This ancient promise has become an empirical reality in Jesus, "the son of Abraham" (Matthew 1:1). Luke's book of Acts for this week begins in the holy city of Jerusalem, expands geographically with Paul's three "missionary journeys," and ends in the imperial city of Rome. Under house arrest there, Paul's last recorded prayer before his martyrdom was for "all nations" (Romans 16:26).

The historian Garry Wills once described Paul as a "heroic traveler" who logged more than 10,000 miles spreading the good news of God's love for all the world. For Paul, God wasn't the God of Jews alone. In Ephesians, he makes a clever play on words to say that God is the father of "every family in heaven and on earth," the patera of every patria  — the "father from whom every family derives its name."

 The world map from the Saint-Sever Beatus manuscript, 11th century. The map measures 37 x 57 centimeters.
The world map from the Saint-Sever Beatus manuscript, 11th century. The map measures 37 x 57 centimeters.

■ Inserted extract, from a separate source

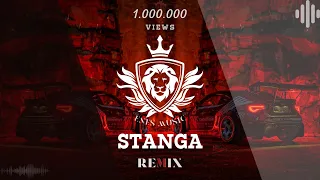 Stanga - ENES MUSIC (Remix)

But even the intrepid Paul barely made a beginning. Starting with a few uneducated, bedraggled disciples, today about a third of the world identifies itself as Christian, nearly twice as many as those who follow Islam or Hinduism. Today, John's depiction of a globalized heaven beyond history has been fulfilled on earth in history. 

For many centuries, much of Christianity was white, western, and male. The main actors were in Geneva, Rome, Paris, London, and New York. But as the Kenyan theologian John Mbiti has observed, that day is long gone.

Today the vibrant centers of Christianity are in places like Kinshasa, Buenos Aires, Addis Ababa, and Manila. Two-thirds of Roman Catholics now live in the global south. If the demographers are right, in fifty years half of the world’s Christian population will be in Africa and Latin America, and only about 20% of believers will be non-Latino whites. A Nigerian pope?  Don't bet against it.

Global minded Christians are geographic, cultural, national and ethnic egalitarians. For us there's no geographic center of the world, but only a constellation of points equidistant from the heart of God. Proclaiming that God lavishly loves all the world, each person, and every place, the gospel does not privilege any country as exceptional.

A lot has been written about American exceptionalism and empire. It's an important and complicated subject. In terms of economic, political, military, scientific and cultural influence, America is unrivaled. In that sense, it's fair to say that America is "exceptional," although it's debatable how long this will last, or whether such hegemony is good or bad.

 The angel gives John the letter to the churches of Asia, Beatus Escorial, Spanish illuminated manuscript, c. 950.
The angel gives John the letter to the churches of Asia, Beatus Escorial, Spanish illuminated manuscript, c. 950.

But from a Christian point of view, America is no more or less "exceptional" in God's eyes than any other country. While allowing for a natural love and pride for your own country ("there's no place like home"), in the long run, Christian globalism subverts every form of nationalism.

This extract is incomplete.